А вообще у нас тихий зеленый городок. Даже сейчас, вышедши со двора в субботу утром, можно за полчаса не встретить ни одного прохожего, ни одной машины. Буйство листьев и тишина, как в фильме про вымирание. Благословенная тишина.
И я погуляю.
В моей маленькой, детской Москве много разговоров про дорожное движение. Самого движения почти нет. Не потому что пробки, а наоборот – потому что машин совсем мало, и они скромные, осторожные, незаметные, словно кошки. Попадаются иномарки. Но их надо искать. Чемоданов устраивает длительные пешие экскурсии к посольствам, чтобы увидеть какой-нибудь проржавевший элвисовоз. Иногда едет на «Букашке» до американского посольства, у которого просто автошоу сплошное. Неважно, что владельцы – соотечественники, заплатившие «свистку в будке» за стойбище у посольства. Главное – дышать этой эстетикой. Чемоданов дышал. Тогда всё было по-своему: 3 копейки трамвай, 4 копейки троллейбус, 5 копеек автобус и метро. Они ведь по-разному тратили энергию, да?
Самое лучшее в детстве – гаражи. Было весело перескакивать с крышу на крышу. Ещё веселее было протискиваться между ними, перепрыгивая говно. Сестра одного из друзей показывала там писю. Гаражи – это была наша жизнь.
Мое окно выходит на особняк. Тамошний двор всегда освещен прожекторами, а в детстве по нему бегали огромные злые доги, бросавшиеся на ограду и заставлявшие прохожих шарахаться и перебегать на другую сторону улицы Веснина, ныне Денежного переулка. Там как будто постоянно чего-то боятся, а я люблю смотреть туда, сидя на подоконнике. В 1918 году откуда-то с подоконника Большого Афанасьевского переулка или с Сивцева Вражка на этот же особняк любил смотреть другой, совсем ещё молодой человек. Его звали Яков Блюмкин. Но мне ближе.
Если пройду чуть дальше, на Малый Левшинский, то уже не найти дом 4, в котором жил Булгаков. Он не сохранился, зато есть прекрасный полукруглый дом 1/32, первый этаж кирпичный, второй – деревянный. Там живут и/или работают художники, хорошие, творческие, но негостеприимные люди. Дальше уже Пречистенка, бывшая улица Кропоткинская. Где был цветочный магазин, теперь – газон.
Вернусь во дворы. За этим полукруглым домом, ближе к Кропоткинскому переулку и институту Сербского стояла еврейская пекарня. Когда она работала (видимо, по особым праздникам) и дошкольники стучались в единственное окно. Оттуда выглядывали распаренные, спелые тёти и угощали нас вкусной, горячей ещё мацой. Теперь этой пекарни тоже нет.

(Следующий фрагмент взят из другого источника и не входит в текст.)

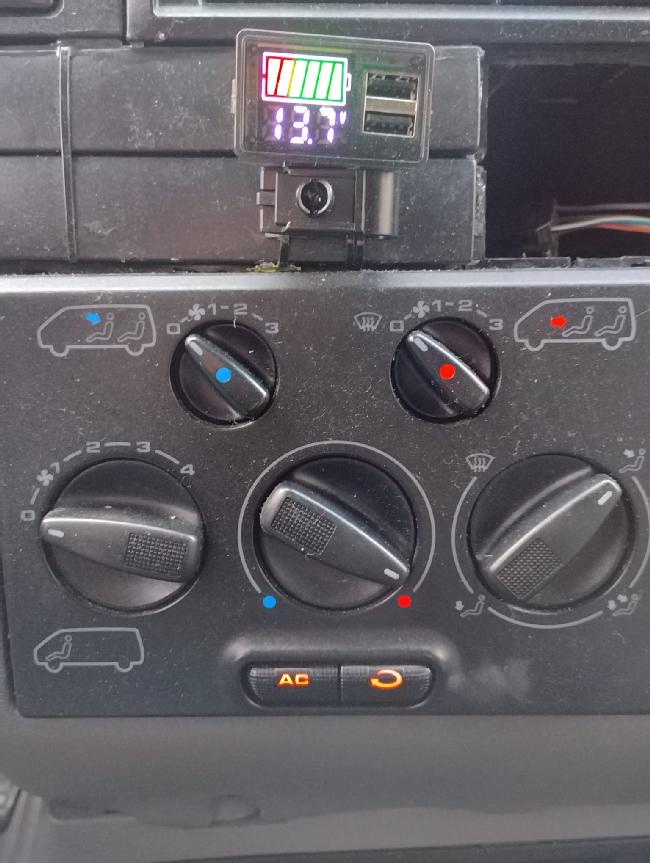 Volkswagen Multivan 2.5 Tdi 102 Cv Placa Solar ocasion - VEHICULOS DE OCASION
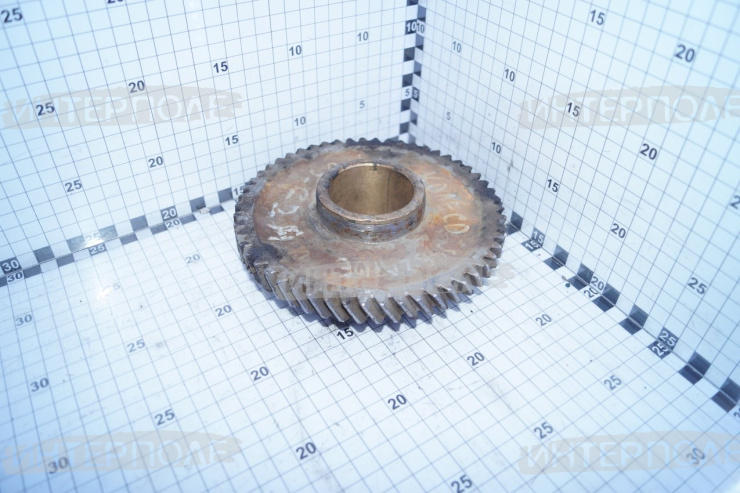 Колесо зубчатое СМД-14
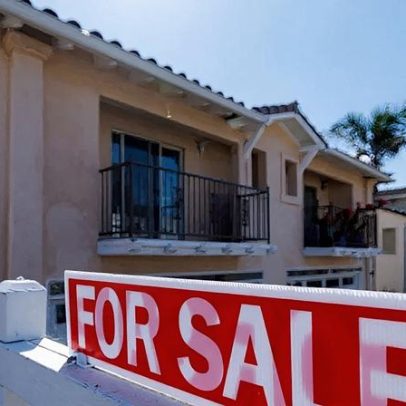 Vendas de casas usadas nos EUA sobem 1,8% em fevereiro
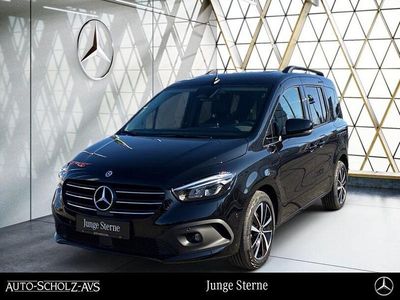 Usata Mercedes T180 Progressive 116 CV (85 kW) 2025 Nero Monovolume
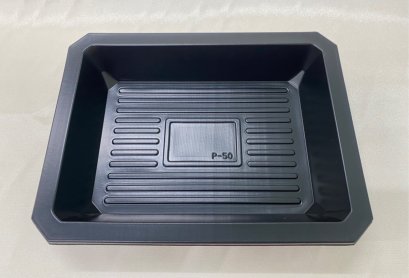 ถาดพลาสติก บรรจุภัณฑ์พลาสติก ทนความร้อน สามารถนำเข้า Microwaveble และ แช่แข็งได้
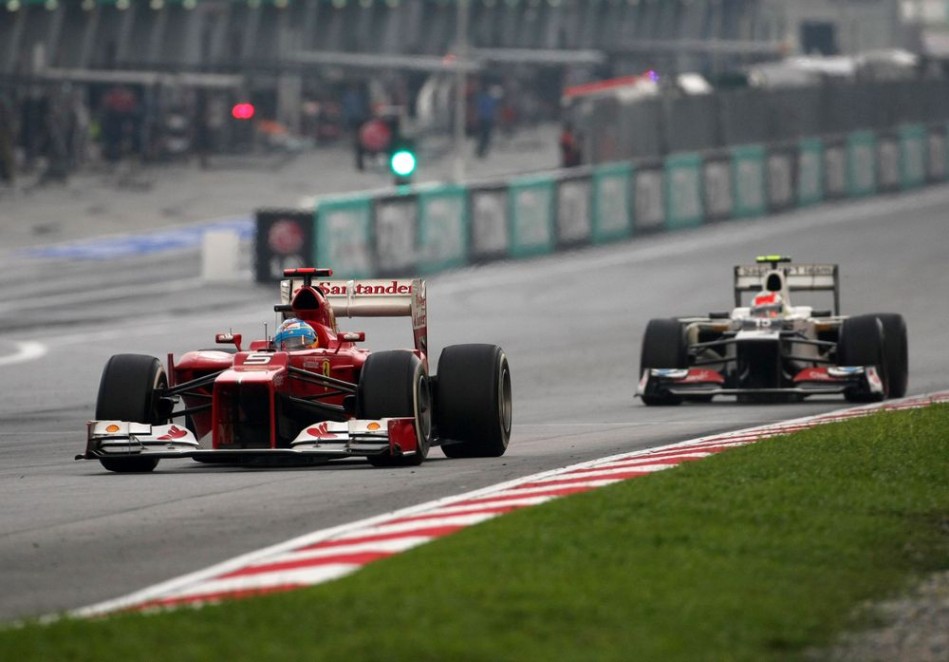 F1 | Il Gp della Malesia 2013: LIVE su F1Passion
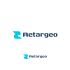 Логотип для Логотип для проекта «Retargeo» - дизайнер anlion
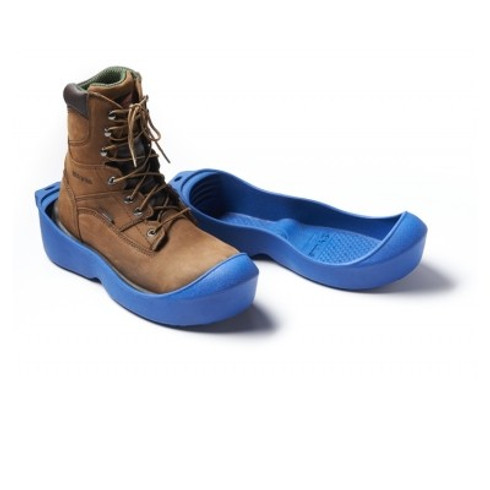 YULEYS® SEBS Clean Step System, Blue Reusable Boot and Shoe Covers, Mfg# 32001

Если пройду мимо и обогну единственную в районе и, говорят, первую в мире хрущевку, я попаду на Кропоткинский переулок и увижу институт Сербского. В детстве я часто встречал группы людей, стоявших напротив и тревожно вглядывавшихся в окна унылого белого здания. В те времена в институте Сербского психиатрически карались Александр Есенин-Вольпин, Виктор Файнберг, Владимир Буковский и немало других диссидентов; проходили экспертизу многие серийные убийцы, например, печально известный Андрей Чикатило. Некоторое время тут работала первая жена Чемоданова. В наше время здесь побывали и участники «болотного дела». К институту примыкает вполне себе с виду жилой дом. Когда-то я видел, как из окна пятого этажа вылетел диван и неуклюже спланировал на проезжую часть.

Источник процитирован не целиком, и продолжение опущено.